Dataset section
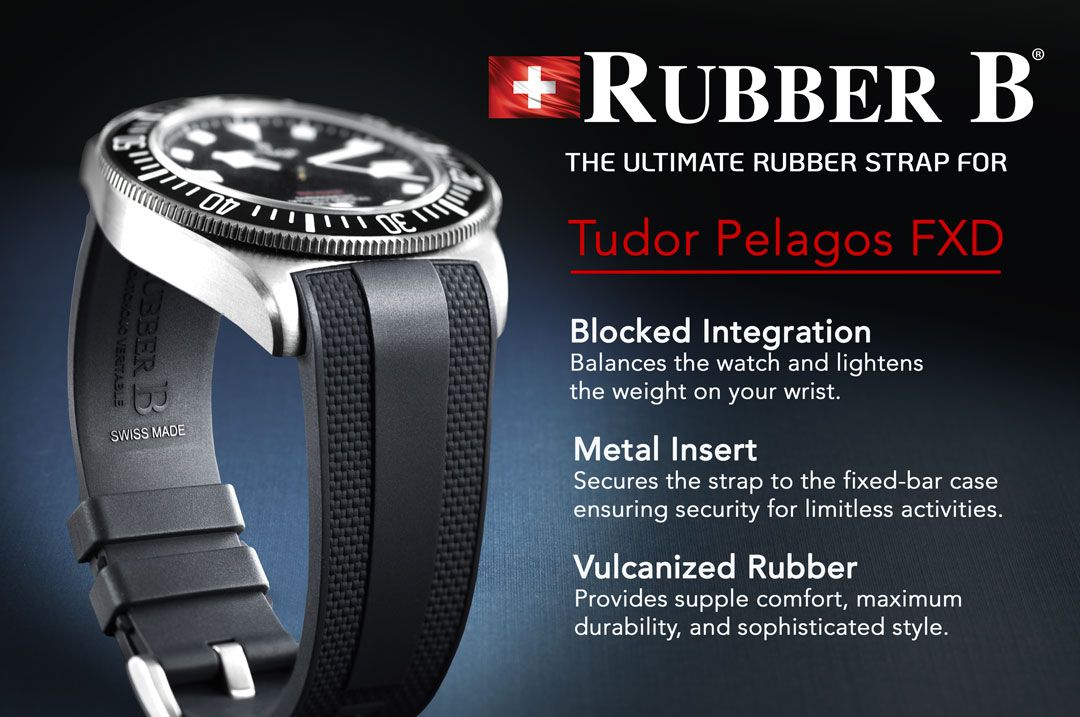 RubberB T808 strap for Tudor Pelagos FXD - White - side view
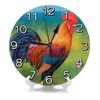 Abucaky Rustic Rooster Chicken Wall Clock Battery Operated Silent Round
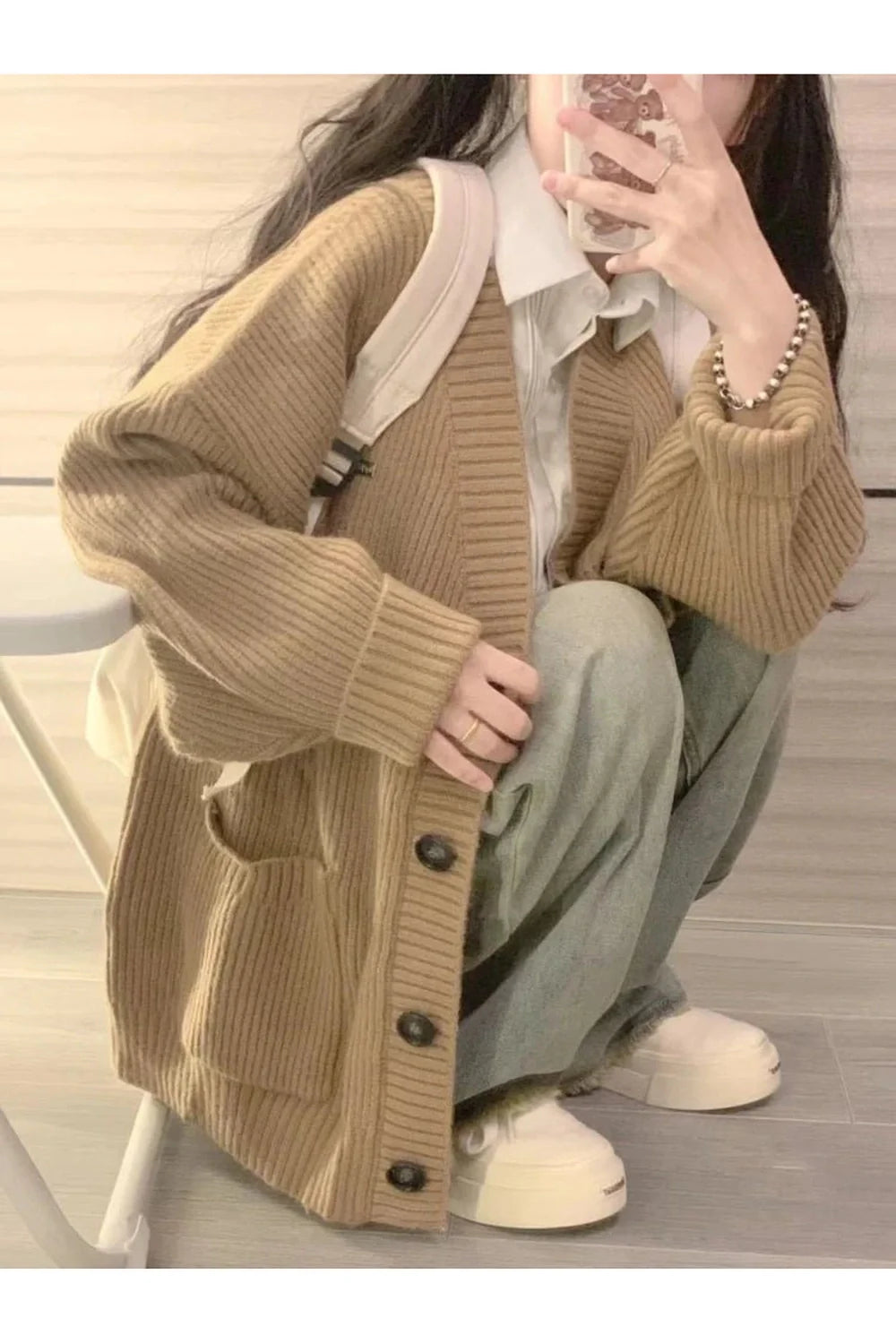 Fall Classic Camel Ribbed Cardigan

Task details
The answer should consist of every line above, exact and free of images.

Written answer
 RubberB T808 strap for Tudor Pelagos FXD - White - side view
 Abucaky Rustic Rooster Chicken Wall Clock Battery Operated Silent Round
 Fall Classic Camel Ribbed Cardigan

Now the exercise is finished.